She seems cynical in her
thoughts, but that’s natural. She doesn’t love her husband. She needs him only
because of the money. And even in this case she gets them not often. Walter has become unfamiliar not only for her,
but for the children also. Elizabeth’s thoughts were interrupted by the coming
of her husband co-workers. They brought the body of her husband. Elizabeth and
her mother-in-law were shocked, but their reactions were different. The old
woman became crying, and Lizzie stopped her in order not to awake her children.
She did things orderly and senselessly. She told men to put the body of her
husband into the room. "There was a cold,
deathly smell of chrysanthemums in the room.” Then she sent them packing. Leaving
one of the co-workers broke the vase with chrysanthemums. And that was the end.
The end of Lizzie’s hard life with her husband.
Elizabeth started washing
the body of her… husband. She washed his face. The face of the man who had been
her husband, the father of her children. But had it been really so? Elizabeth
and Walter are absolutely different people. It seems that their marriage was a
great mistake, but it happened. At the moment of washing his still warm body
Elizabeth realized that she hadn’t loved him. She had just lived with him. "She had denied him what he was – she saw it
now. She had refused him as himself. – And this had been her life, and his
life. – She was grateful to death, which restored the truth. And she knew she
was not dead.” Elizabeth thanked death for getting her out of trouble
called "Walter and Elizabeth’s marriage”. This fact is shocking, but so real
and clear. Now she is free. She has her children. And only they are her breath
of life. She will never let the odour of chrysanthemums to spoil her life and
to poison the future of her children, of her family.
(by Seagull)
My View of Odour of Chrysanthemums
In the story the author describes ordinary people and
he does not try to show these hard life conditions they live in from any good
perspective. But at the same time he shows the English as very hard-working,
honest, physically and mentally strong people, they are ready to support each
other any time.
The same relationships are described in the family of
the Bates. They are proud; they never give up though their life is far from
being a bed of roses. Elizabeth Bates is a clever, well-educated woman but her
husband is a poor minor so he has to works days and nights in order to bring at
least some money to his family. The tragedy of his life is that he dies still
being young and leaves his family without any support.

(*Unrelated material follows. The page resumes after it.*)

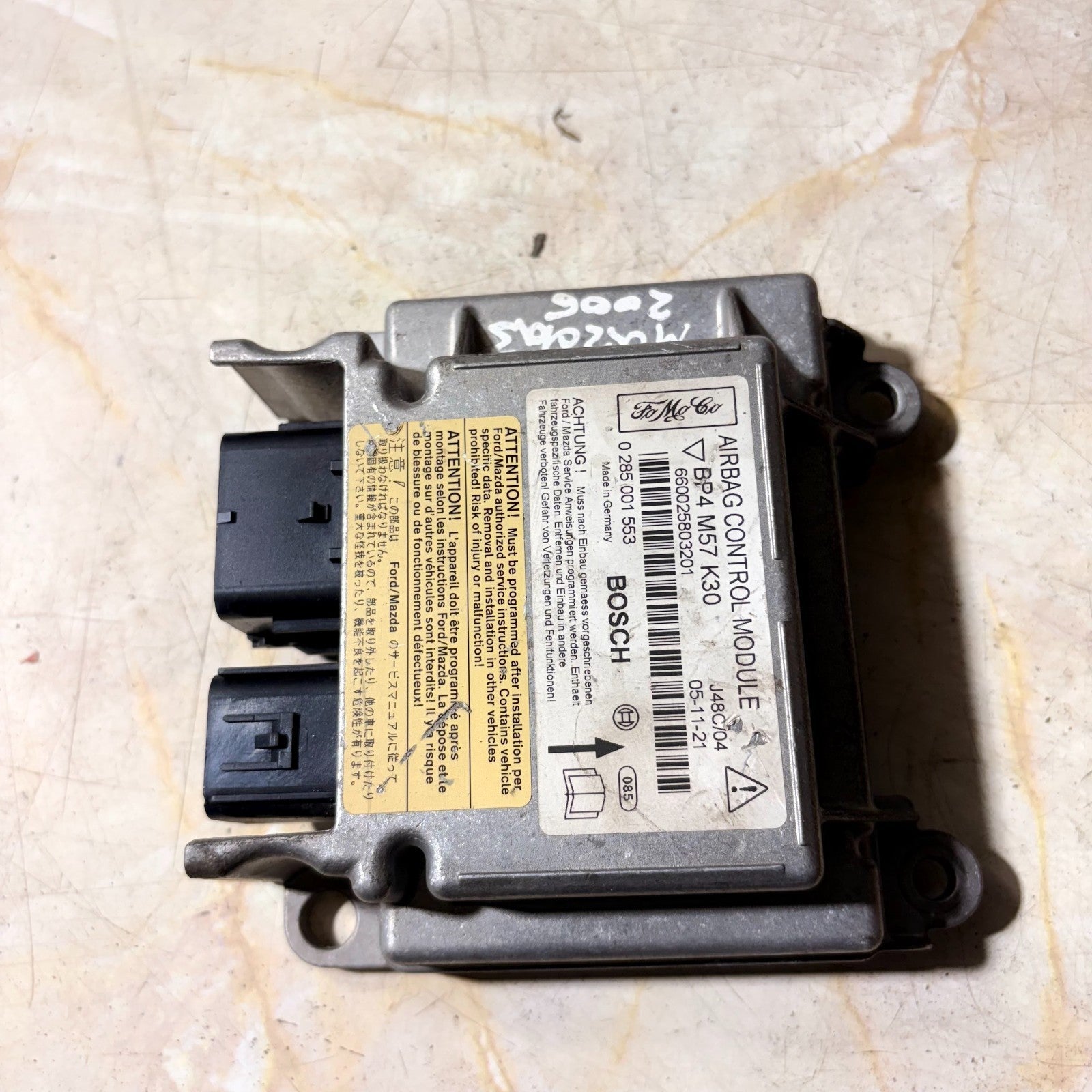 2006 MAZDA 3 AIRBAG CONTROL MODULE BP4M57K30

The main conflict though can be seen only at the end
of the story. Seeing a dead body of her husband Elizabeth understands that she
does not know the man whom she has lived her life together with. She has to
wash his body, she realizes that she really loves him and he was a very
important man in her life. But at the same time she did not expect it that she
will lose him so soon. This is a tragedy for the woman and though he was not a
perfect husband for her she cannot stand his death neither physically not
emotionally.
So the main conflict is revealed when Elizabeth gets
shocking news – her husband is dead. So now she sees his dead body lying on the
floor. "An anguish came over her. It was finished then: it has become hopeless
between them long before he died. Yet he had been her husband. But how little!”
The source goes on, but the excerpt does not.